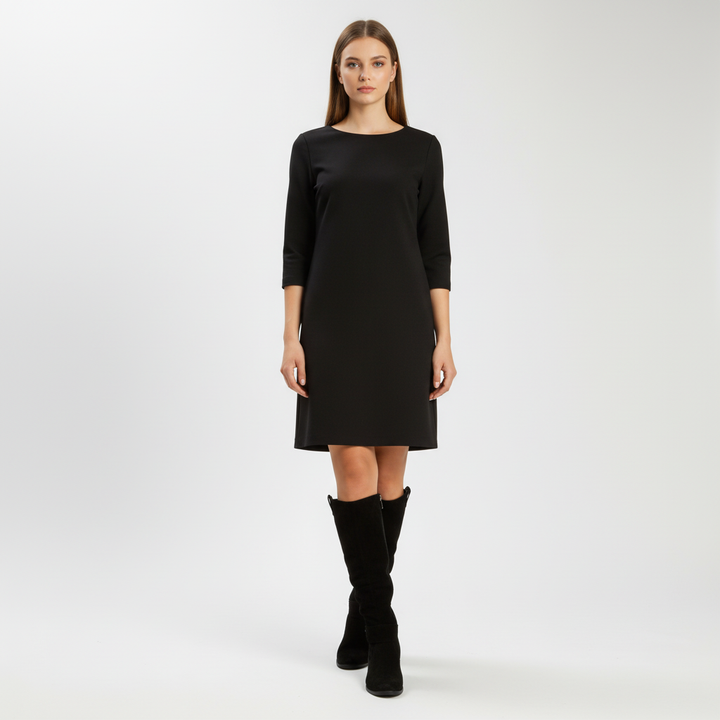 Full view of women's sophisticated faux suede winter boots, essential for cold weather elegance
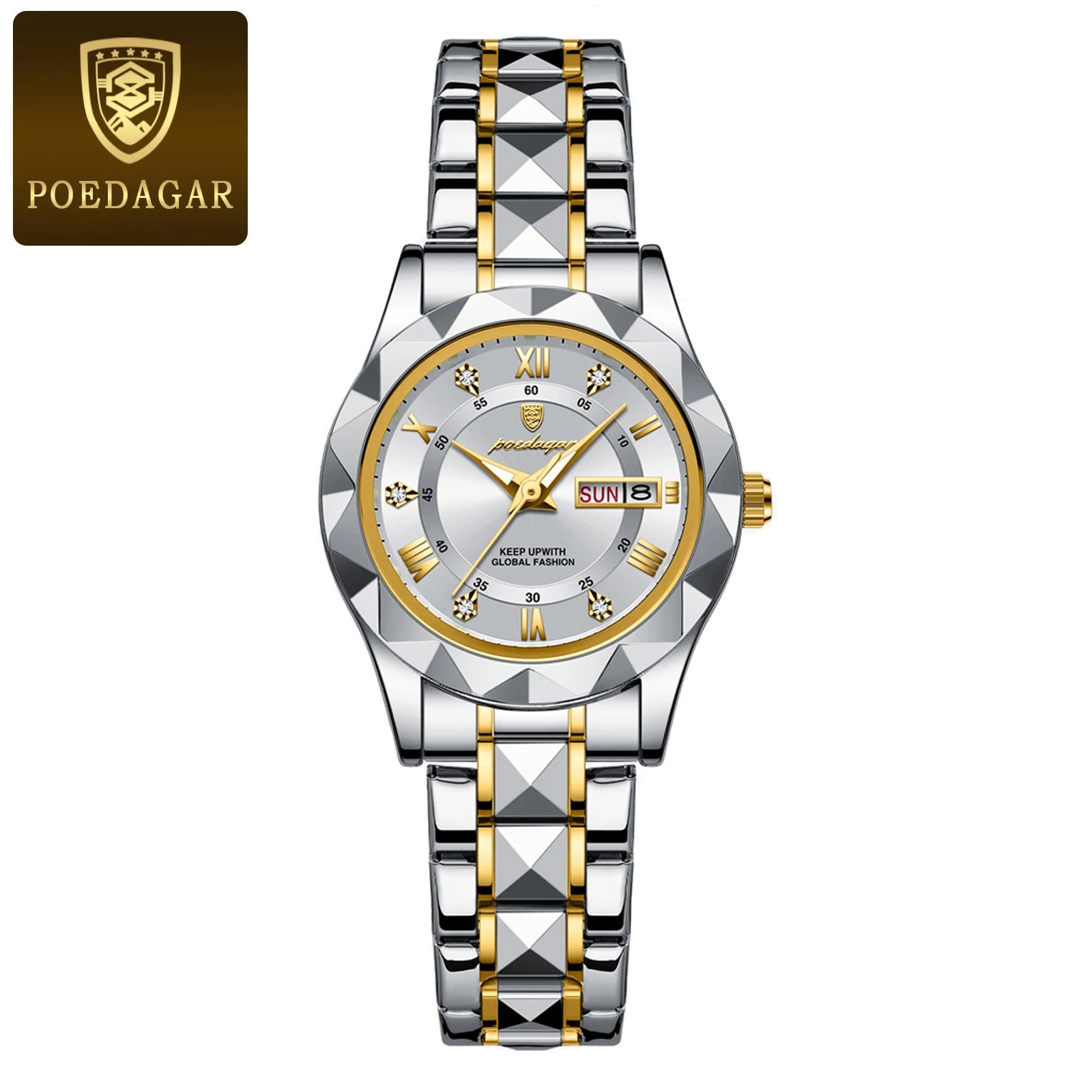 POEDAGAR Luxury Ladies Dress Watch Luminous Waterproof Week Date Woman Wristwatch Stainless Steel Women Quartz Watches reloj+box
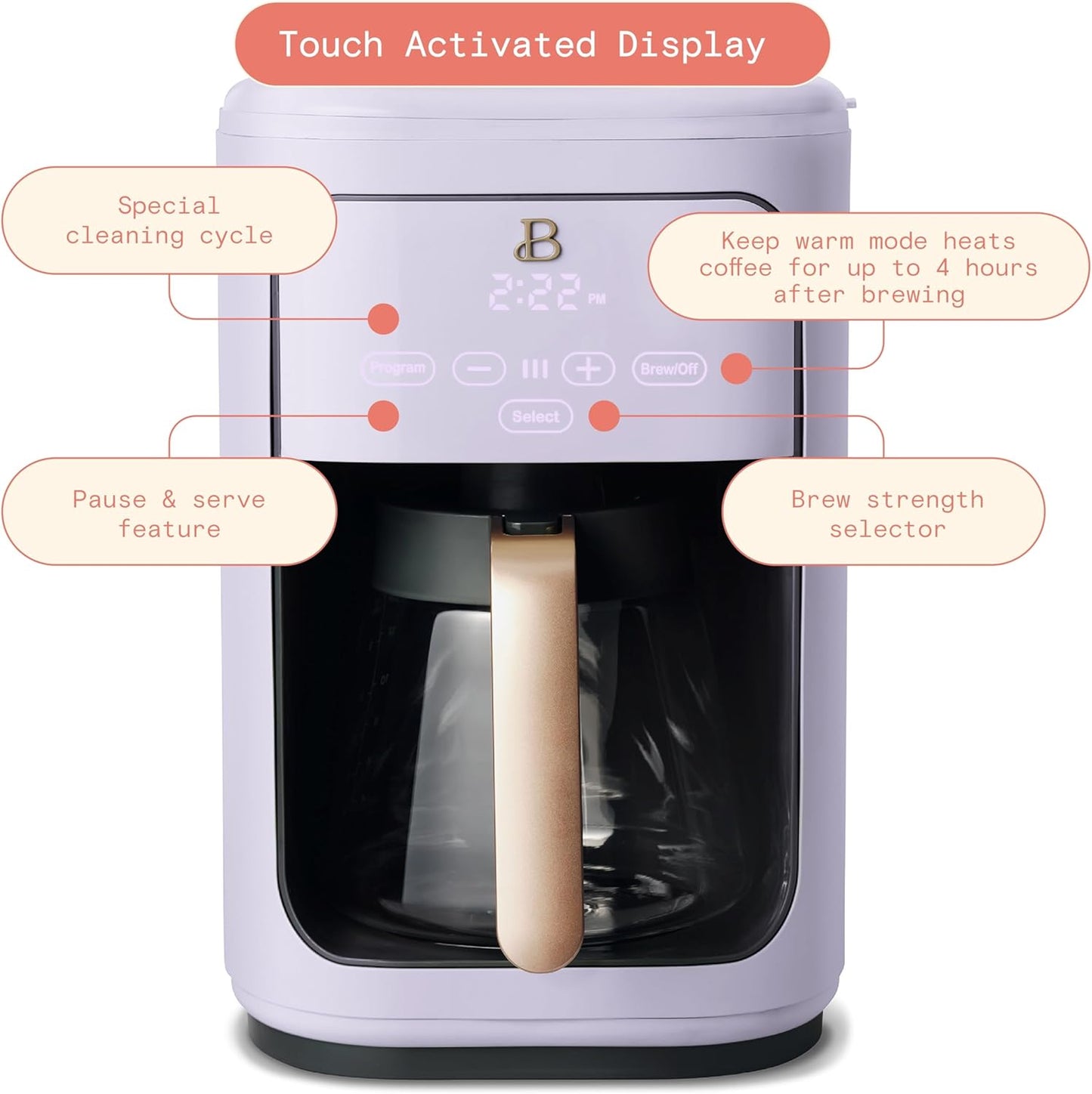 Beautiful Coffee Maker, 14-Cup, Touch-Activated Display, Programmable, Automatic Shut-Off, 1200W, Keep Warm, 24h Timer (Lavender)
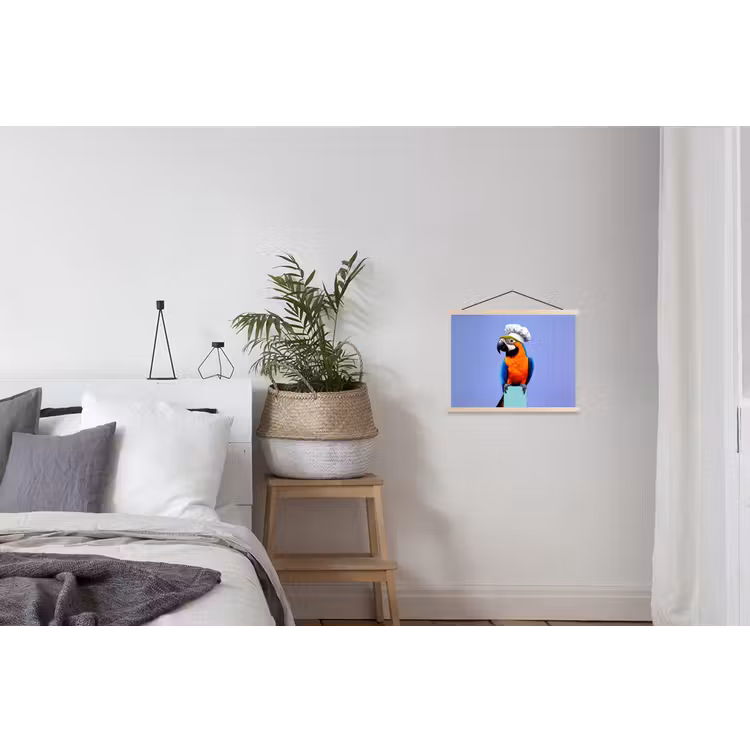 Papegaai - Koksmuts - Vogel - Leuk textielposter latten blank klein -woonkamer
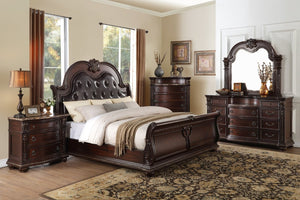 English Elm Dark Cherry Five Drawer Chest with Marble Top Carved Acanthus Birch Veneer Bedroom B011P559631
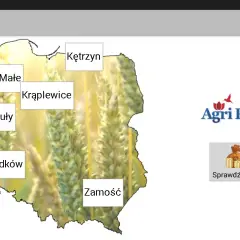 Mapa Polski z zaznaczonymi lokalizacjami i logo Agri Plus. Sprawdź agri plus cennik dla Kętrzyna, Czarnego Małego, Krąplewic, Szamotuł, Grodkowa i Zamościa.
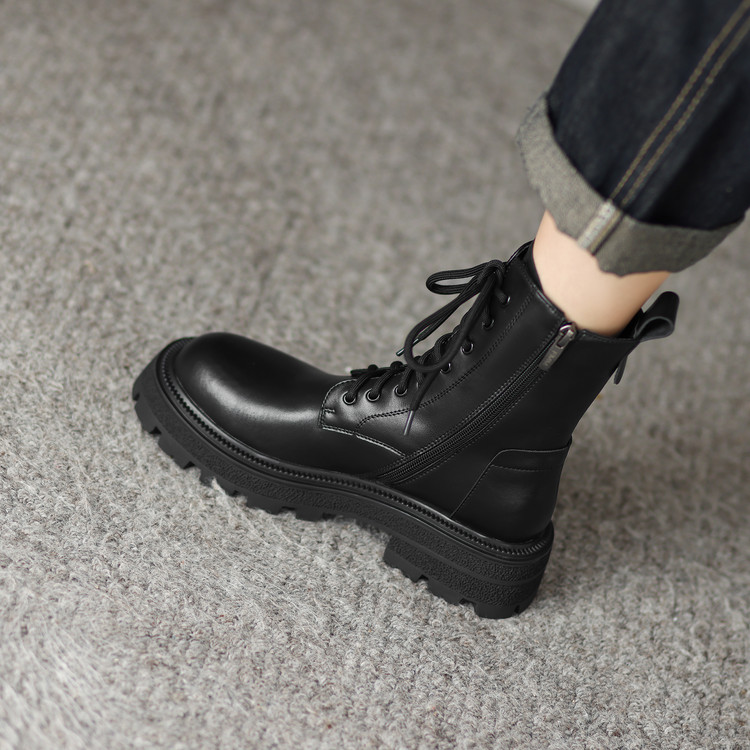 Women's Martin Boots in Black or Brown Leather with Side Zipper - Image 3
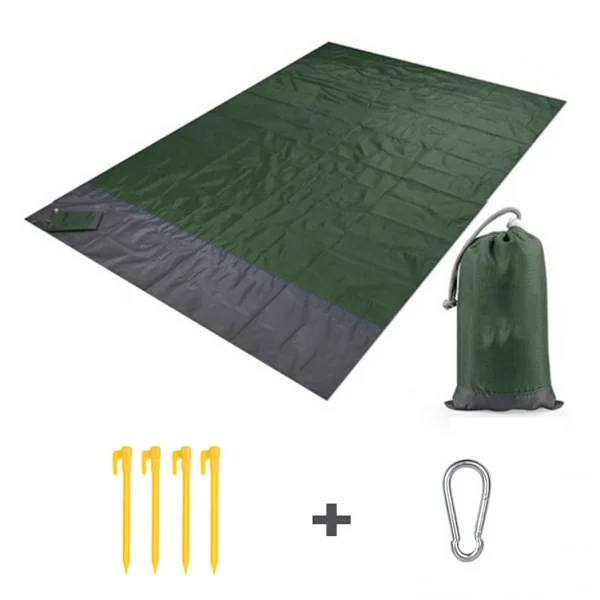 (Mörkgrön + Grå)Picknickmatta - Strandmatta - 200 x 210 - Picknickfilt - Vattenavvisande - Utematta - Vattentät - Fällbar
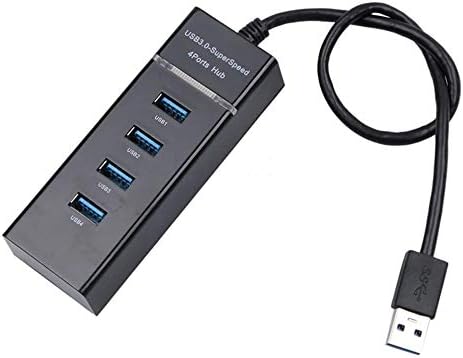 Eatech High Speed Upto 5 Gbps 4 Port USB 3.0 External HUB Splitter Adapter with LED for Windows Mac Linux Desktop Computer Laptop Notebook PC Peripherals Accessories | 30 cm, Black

▸ **PROBLEM TO WORK ON**
From first line to last, return the records verbatim without their pictures.

▸ **ANSWER TO THE PROBLEM**
 Full view of women's sophisticated faux suede winter boots, essential for cold weather elegance
 POEDAGAR Luxury Ladies Dress Watch Luminous Waterproof Week Date Woman Wristwatch Stainless Steel Women Quartz Watches reloj+box
 Beautiful Coffee Maker, 14-Cup, Touch-Activated Display, Programmable, Automatic Shut-Off, 1200W, Keep Warm, 24h Timer (Lavender)
 Papegaai - Koksmuts - Vogel - Leuk textielposter latten blank klein -woonkamer
 English Elm Dark Cherry Five Drawer Chest with Marble Top Carved Acanthus Birch Veneer Bedroom B011P559631
 Mapa Polski z zaznaczonymi lokalizacjami i logo Agri Plus. Sprawdź agri plus cennik dla Kętrzyna, Czarnego Małego, Krąplewic, Szamotuł, Grodkowa i Zamościa.
 Women's Martin Boots in Black or Brown Leather with Side Zipper - Image 3
 (Mörkgrön + Grå)Picknickmatta - Strandmatta - 200 x 210 - Picknickfilt - Vattenavvisande - Utematta - Vattentät - Fällbar
 Eatech High Speed Upto 5 Gbps 4 Port USB 3.0 External HUB Splitter Adapter with LED for Windows Mac Linux Desktop Computer Laptop Notebook PC Peripherals Accessories | 30 cm, Black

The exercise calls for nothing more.